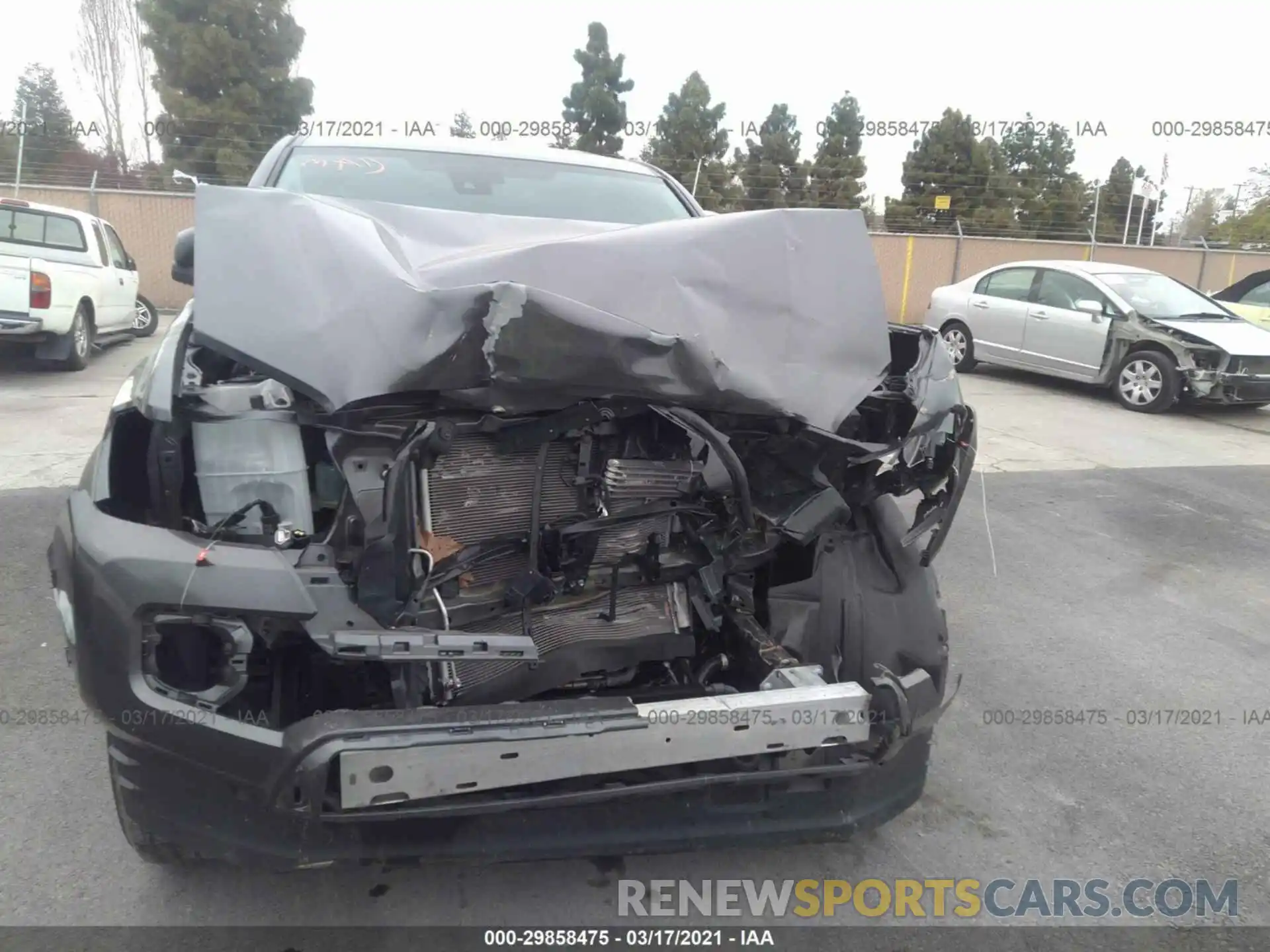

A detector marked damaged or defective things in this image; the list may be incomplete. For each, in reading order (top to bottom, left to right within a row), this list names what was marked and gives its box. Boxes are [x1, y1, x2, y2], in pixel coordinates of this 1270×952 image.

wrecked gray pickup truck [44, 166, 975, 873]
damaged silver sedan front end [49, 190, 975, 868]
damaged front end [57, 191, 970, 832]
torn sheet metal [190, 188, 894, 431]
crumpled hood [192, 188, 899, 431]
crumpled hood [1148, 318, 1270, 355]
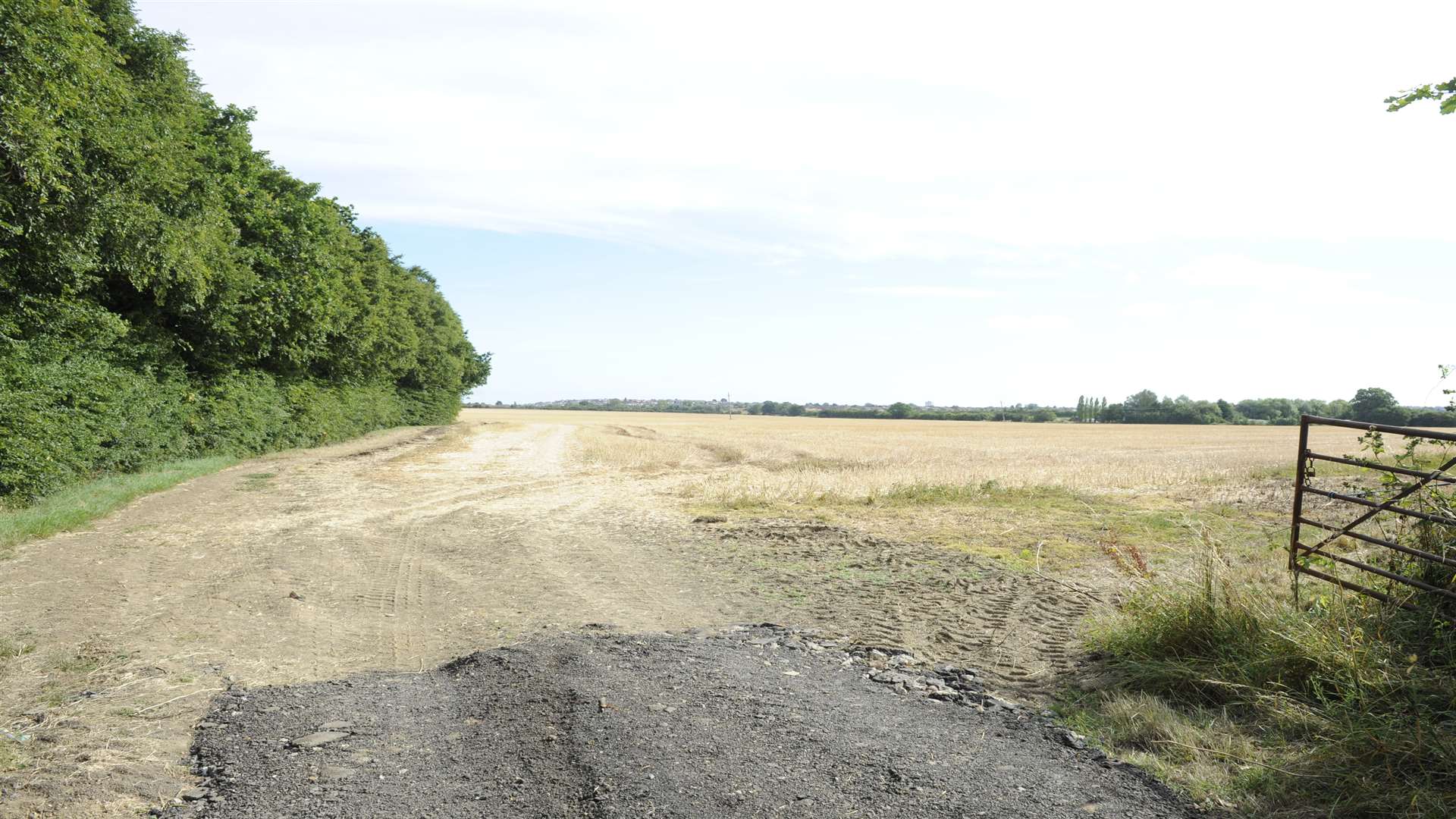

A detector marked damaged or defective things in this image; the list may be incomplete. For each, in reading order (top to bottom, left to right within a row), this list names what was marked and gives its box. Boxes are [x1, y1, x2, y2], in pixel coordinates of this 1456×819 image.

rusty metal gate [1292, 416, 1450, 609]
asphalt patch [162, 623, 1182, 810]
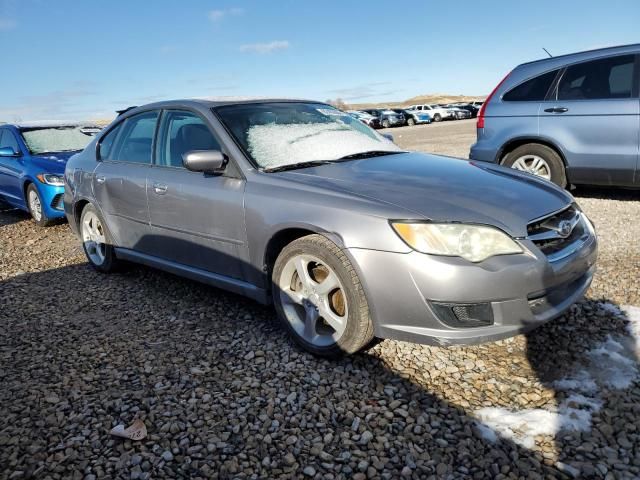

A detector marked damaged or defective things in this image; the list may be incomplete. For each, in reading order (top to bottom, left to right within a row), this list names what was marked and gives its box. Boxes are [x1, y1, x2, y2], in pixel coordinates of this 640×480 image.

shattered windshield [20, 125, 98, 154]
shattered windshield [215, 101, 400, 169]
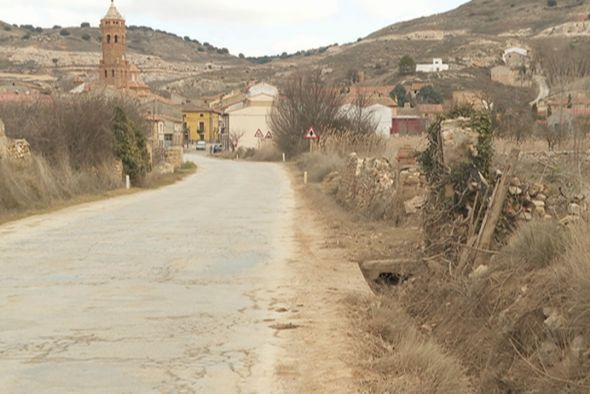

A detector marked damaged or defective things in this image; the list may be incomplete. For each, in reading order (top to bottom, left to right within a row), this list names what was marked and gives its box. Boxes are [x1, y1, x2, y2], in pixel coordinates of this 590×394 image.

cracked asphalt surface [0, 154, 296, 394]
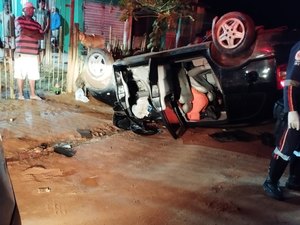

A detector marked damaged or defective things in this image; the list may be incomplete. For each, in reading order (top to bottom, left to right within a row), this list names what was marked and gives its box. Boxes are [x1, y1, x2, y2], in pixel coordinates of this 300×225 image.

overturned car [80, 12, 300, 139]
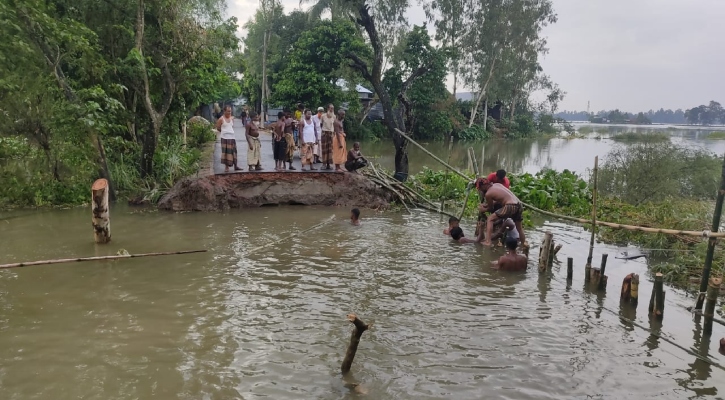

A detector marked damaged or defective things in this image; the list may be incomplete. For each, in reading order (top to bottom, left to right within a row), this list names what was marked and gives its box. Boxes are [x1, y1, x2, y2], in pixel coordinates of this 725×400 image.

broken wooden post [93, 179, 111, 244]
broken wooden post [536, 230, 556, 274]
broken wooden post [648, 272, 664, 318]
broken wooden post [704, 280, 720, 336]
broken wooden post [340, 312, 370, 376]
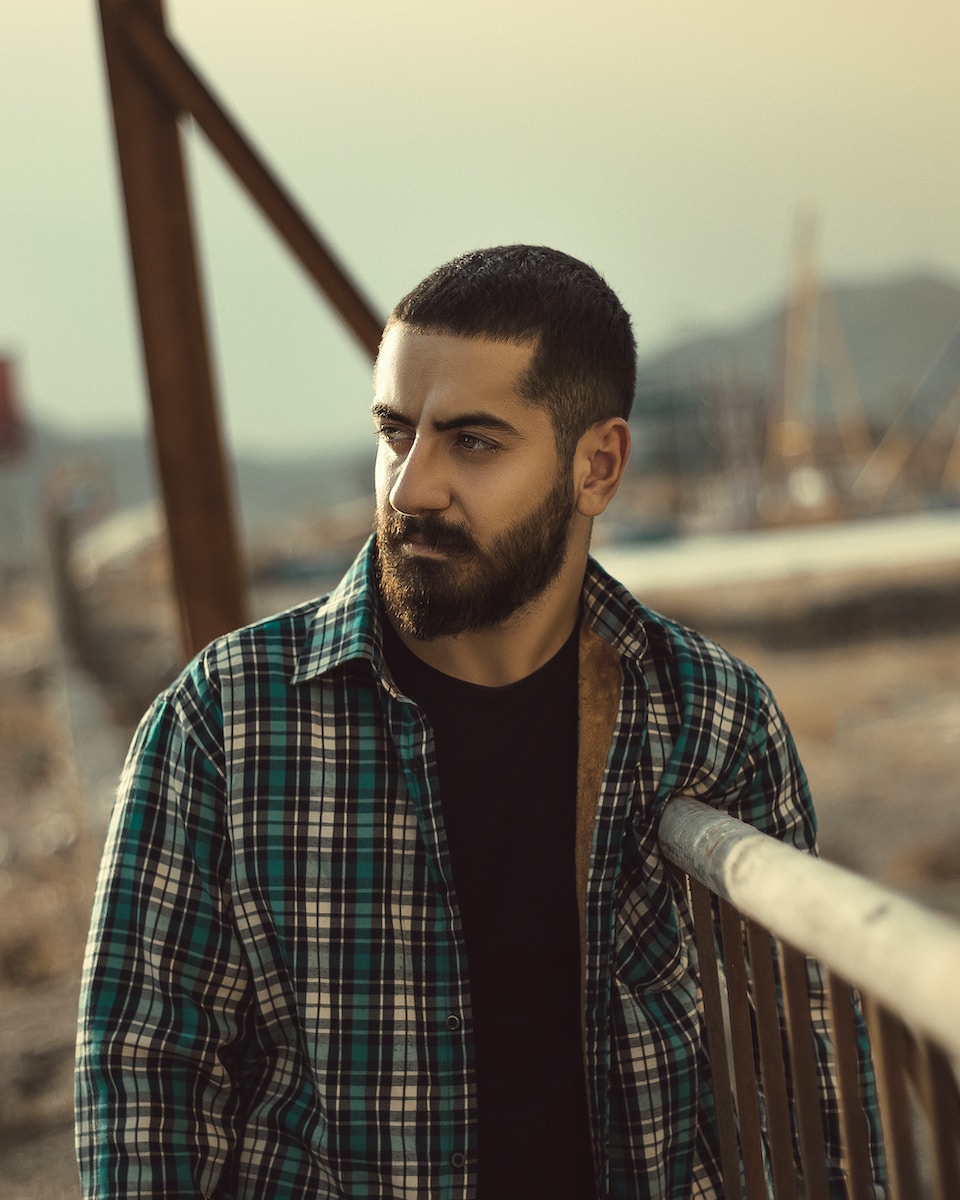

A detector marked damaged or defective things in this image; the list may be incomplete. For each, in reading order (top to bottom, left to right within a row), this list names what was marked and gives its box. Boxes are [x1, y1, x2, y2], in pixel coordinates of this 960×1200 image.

--------

The copy should hold exactly the lines from the line containing "this 725×400 image." through the last line of the records, both included, and no pictures or other lines.

A detector marked damaged or defective things in this image; the list may be incomplete. For each, in reading order (top to bottom, left to right within a row), this list names what was marked and gives its box. Boxes are [x1, y1, x2, y2], in pixel coordinates of this 725×400 image.

broken wooden post [93, 179, 111, 244]
broken wooden post [536, 230, 556, 274]
broken wooden post [648, 272, 664, 318]
broken wooden post [704, 280, 720, 336]
broken wooden post [340, 312, 370, 376]

A detector marked damaged or defective things in this image; the list may be incomplete. For each, in reading order (top to bottom, left to right within a row), this list names what was marked and gives its box. Boxes are [x1, y1, x2, y2], in pixel coordinates of this 960×1200 image.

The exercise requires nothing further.